TASK DETAILS - Your task is to transcribe the lines from the start of the data below through the line containing "To install the", inclusive, exactly as they stand and without the pictures.

Dataset entries:
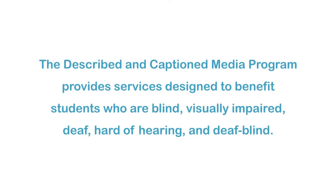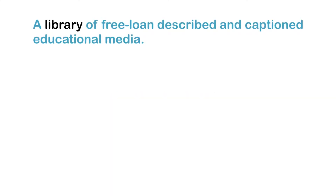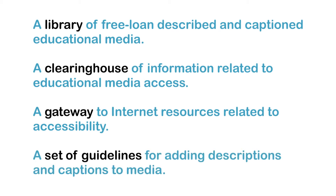The Described and Captioned Media Program provides services designed to benefit students who are blind, visually impaired, deaf, hard of hearing, and deafblind. These services include a library of free loan-described and captioned educational media, a clearinghouse of information related to educational media access, a gateway to Internet resources related to accessibility, and a set of guidelines for adding descriptions and captions to media.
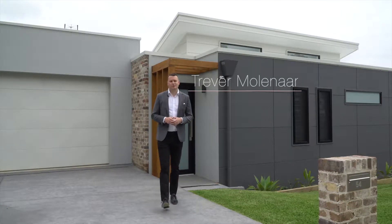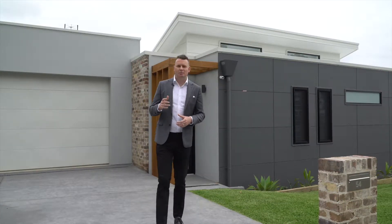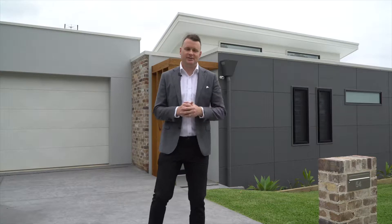Welcome to number 54 Callows Road in Bulleye, a home that was designed around the beautiful vistas. Come and take a look.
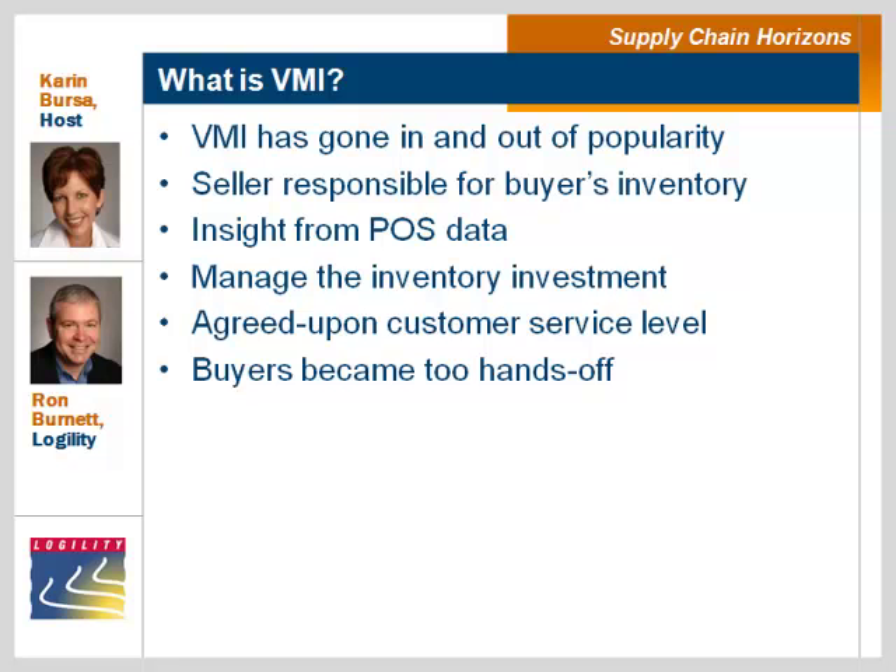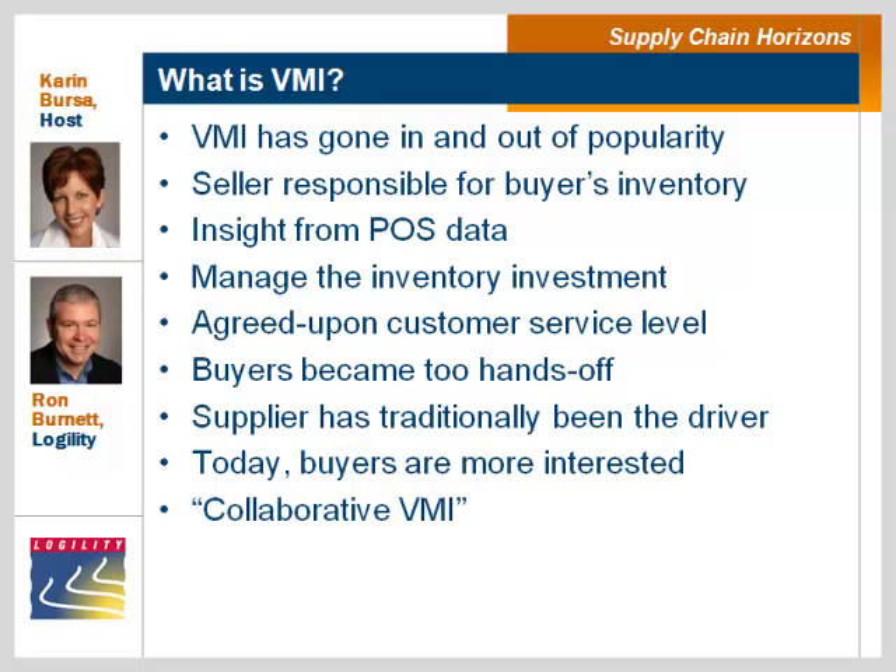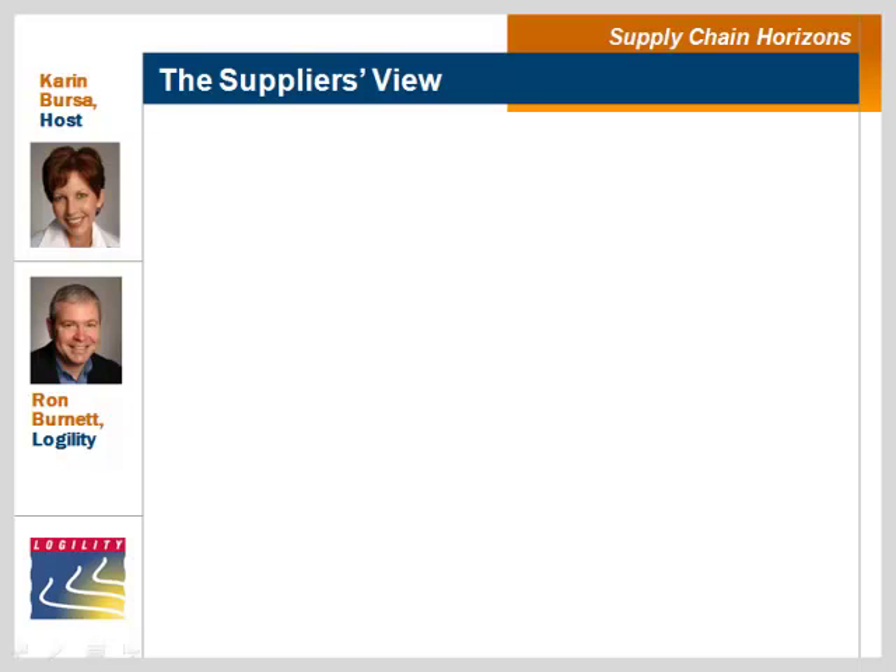Is the interest in VMI typically driven by the customer or by the supplier? Historically, it was the supplier that was more interested in the VMI relationship, and that's why it tended to be more one-sided. In today's environment, as our economy has changed, buyers have also gained more interest in some type of collaborative process with their suppliers, which is why VMI is now starting to regain popularity.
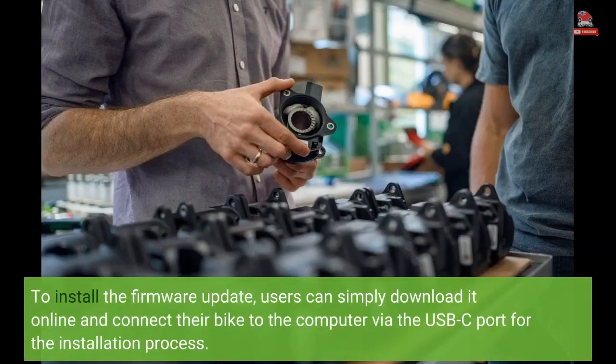To install the firmware update, users can simply download it online and connect their bike to the computer via the USB-C port for the installation process.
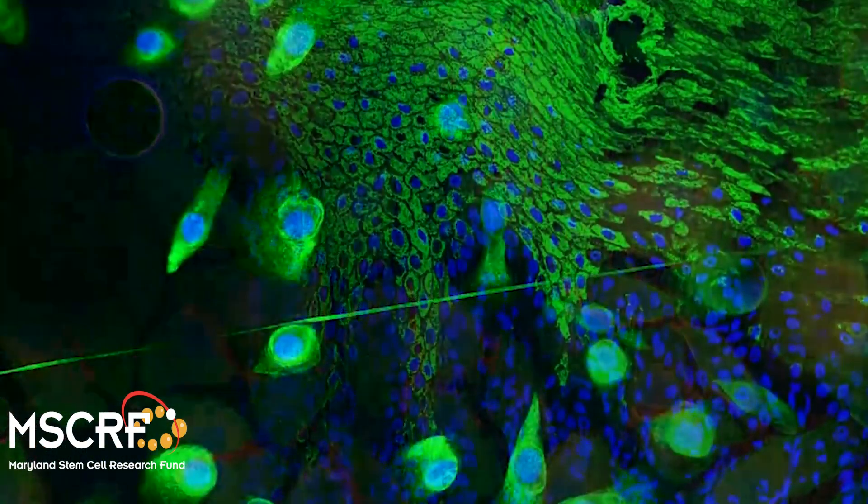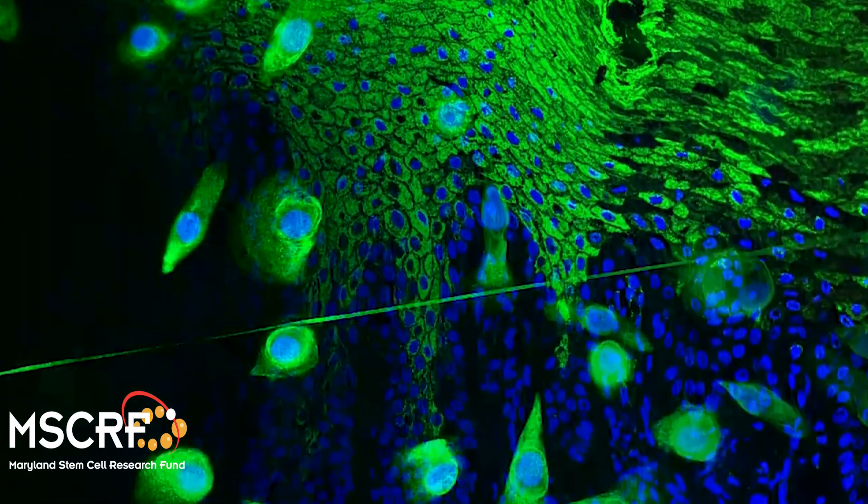The way we want to address this problem is by partnering with the Maryland Stem Cell Fund to try to use cellular therapy to help these people. There's been a lot of really important basic science done in developmental biology that defines how our skin and tissue is different in all the different places in our body.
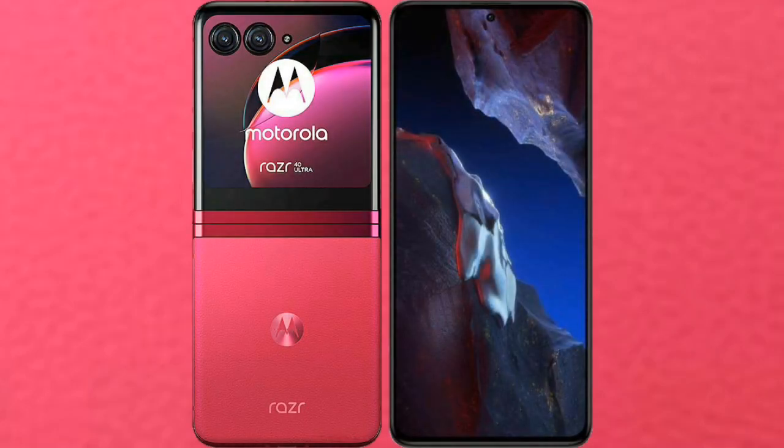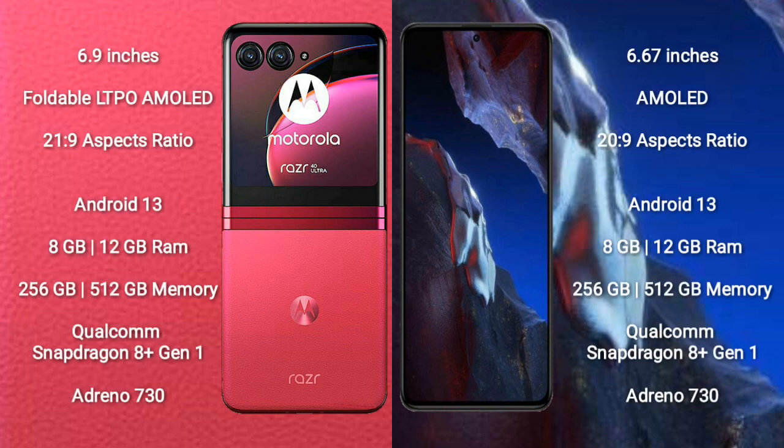I will compare the new Motorola Razr 40 Ultra with Xiaomi Poco F5 Pro. Motorola Razr 40 Ultra comes with a 6.9-inch foldable LTPO AMOLED display and aspect ratio 21:9. Xiaomi Poco F5 Pro comes with a 6.67-inch AMOLED display and aspect ratio 22:9.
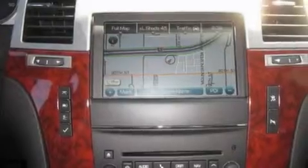Running boards, traction control, air conditioning with automatic climate control, and a sunroof enables you to fill the cabin with fresh air at the push of a button.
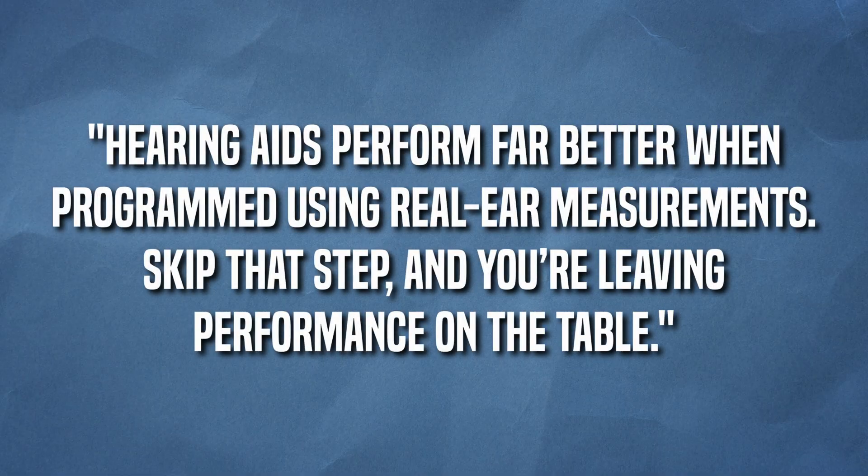But that doesn't mean it's perfect. Here's what the marketing leaves out: the tech is not magic. For every patient who comes back to their follow-up visits thrilled, there's another one who walks in still frustrated — not because the device failed, but because something critical was missing. The real secret, and it applies to every hearing aid not just the Edge AI, is that the most important factor in your success with hearing aids is not the hearing device itself. It's the professional who fit it. The AI, the features, the microchips are only as good as the setup. Lab studies confirm that hearing aids perform far better when programmed using real ear measurements. Skip that step, and you leave a ton of performance on the table.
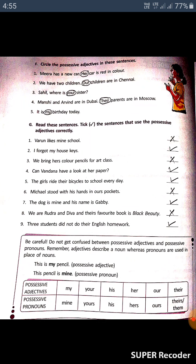Where it is not correctly used, you have to put a cross. The first one is: 'Varun likes mine school.' You have to put a cross here. The second correct sentence gets a tick. The third: 'We bring her scholar pencils for art class' — put a cross here.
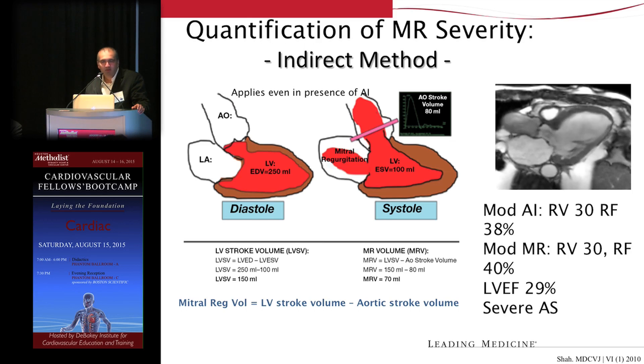For assessment of AV valve regurgitation — the mitral and tricuspid valves — we use a slightly different, indirect method, where we measure the flow going out of the aorta and measure the volume of blood ejected by the ventricle based on the difference between LV end-diastolic and end-systolic volume by planimetry of the left ventricle. From that, you can derive what the mitral regurgitant volume is.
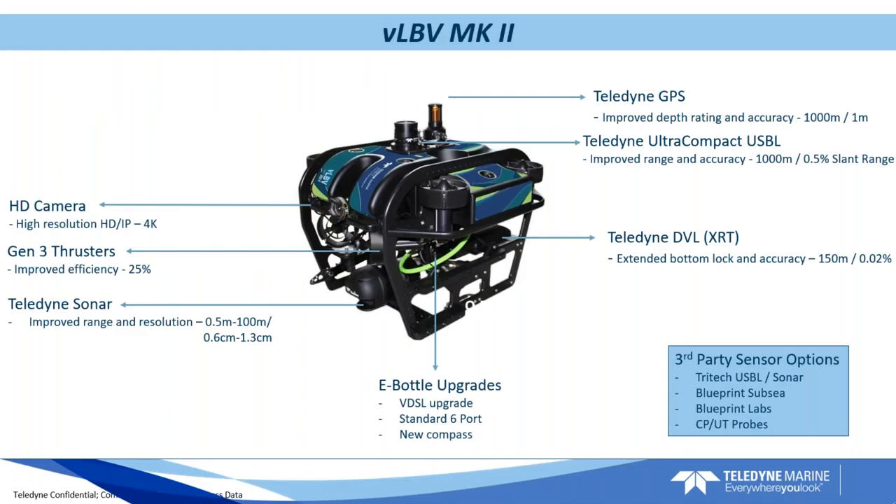Here is the new VLBV Mark II with its new color scheme. A number of new things to highlight: first, we have a new HD camera — a custom build we're working on with a specific company — providing high-depth imaging and video. It is an IP camera, so we will get full resolution not just on fiber but eventually also through copper. That option isn't available immediately today, but within the next six months we can do HD over copper. That camera also includes an integrated laser scaler, making it a nice combined unit.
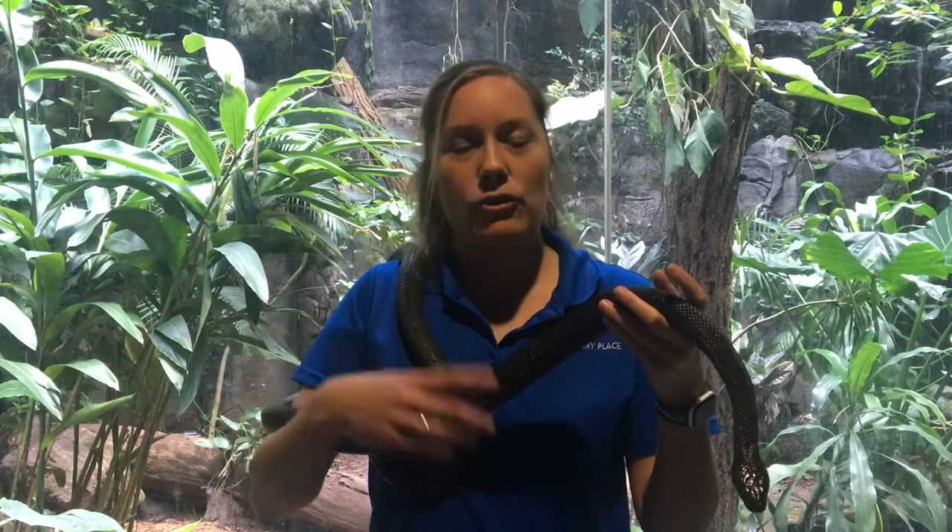Black rat snakes are really great climbers. They have keeled scales on their back, which means their scales have a small ridge that helps them with gripping and climbing as they try to climb trees. This animal likes to eat rodents, birds, and amphibians, so any area where those animals can be found it's highly likely that the black rat snake is close nearby.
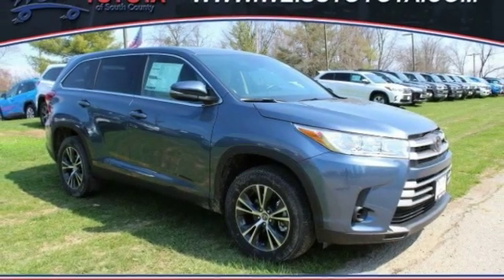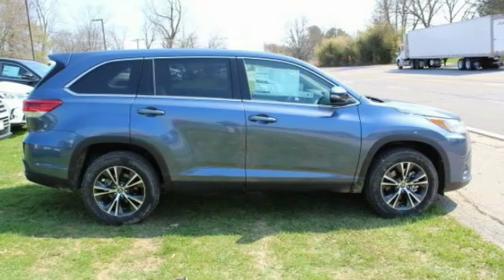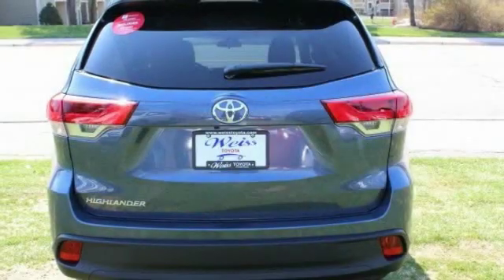Looking for the right vehicle? Check out the 2019 Highlander. The Highlander is the SUV that's thought of everything. It offers seating for up to seven and features Toyota's innovative center stow design.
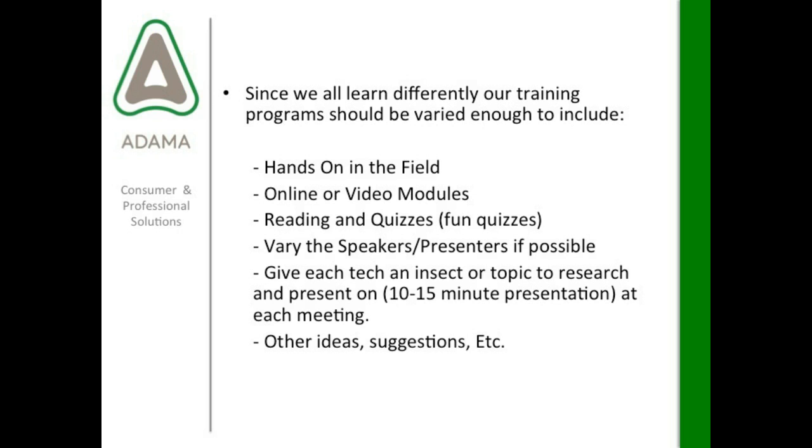Other people within the company can provide training or assist with the program, and you could bring outside people in. Another great segment is giving each technician an insect or topic to research and then present to the group — just a 10- to 15-minute presentation. Maybe at each meeting one technician reviews something they learned. It helps to engage your technicians and helps them appreciate expanding their knowledge base on their own and then sharing that information with others.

TASK ANSWER -
The Described and Captioned Media Program provides services designed to benefit students who are blind, visually impaired, deaf, hard of hearing, and deafblind. These services include a library of free loan-described and captioned educational media, a clearinghouse of information related to educational media access, a gateway to Internet resources related to accessibility, and a set of guidelines for adding descriptions and captions to media.
Welcome to number 54 Callows Road in Bulleye, a home that was designed around the beautiful vistas. Come and take a look.
Is the interest in VMI typically driven by the customer or by the supplier? Historically, it was the supplier that was more interested in the VMI relationship, and that's why it tended to be more one-sided. In today's environment, as our economy has changed, buyers have also gained more interest in some type of collaborative process with their suppliers, which is why VMI is now starting to regain popularity.
To install the firmware update, users can simply download it online and connect their bike to the computer via the USB-C port for the installation process.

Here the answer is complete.